Seattle, Washington March 5, 1944
SS John Sevier arrived at the docks. She had sailed from this city months ago loaded with ammunition and spare parts for the army that had landed in Luzon. She had taken the long swing around, first to Hawaii, and then Samoa and then through the Coral Sea before arriving at Darwin where a small convoy was formed. Half a dozen merchant ships escorted by a pair of Australian built minesweepers and a second hand Dutch destroyer brought her safely to Singapore. A larger convoy left that citadel ten days later with cruisers and destroyers as guardians to Palawan where a portion of her cargo was needed. Four days later, she headed to Subic Bay where her holds were emptied.
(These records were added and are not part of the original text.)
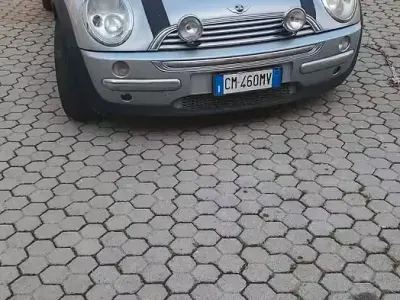 Usata Mini Cooper 116 CV (85 kW) 2004 Grigio Utilitaria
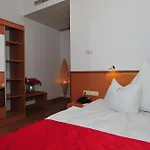 Arthotel Ambassador - Free Parking Hotel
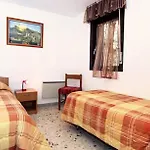 Antico Borgo - Romantic & Authentic In Medieval Гостевой дом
She then rode high at anchor for another week until a convoy was available for the journey back to Singapore. Tin, rubber, manganese and wood filled her cavernous holds. Eleven days after arriving she left again. This time, she was escorted by American warships that led her and seventeen other heaily laden merchant ships through the San Bernidino Straits. In those straits, a pair of gunboats claimed a submarine kill. The convoy lost the heavy escorts once they were two hundred miles east of Luzon but the gunboats and destroyer escorts stayed with them to Guam. There, she refueled and her crew swept a doubleheader in softball before her master took her back to sea to steam independently home. As she approached the Straits of Juan de Fuca, a wooden Coast Guard patrol boat led her through the minefields and past the boom defenses and into the port. Longshoremen were soon ready to unload the riches of the Orient from her hull even as her crew collected their earnings and made plans for an assault on the waterfront bars.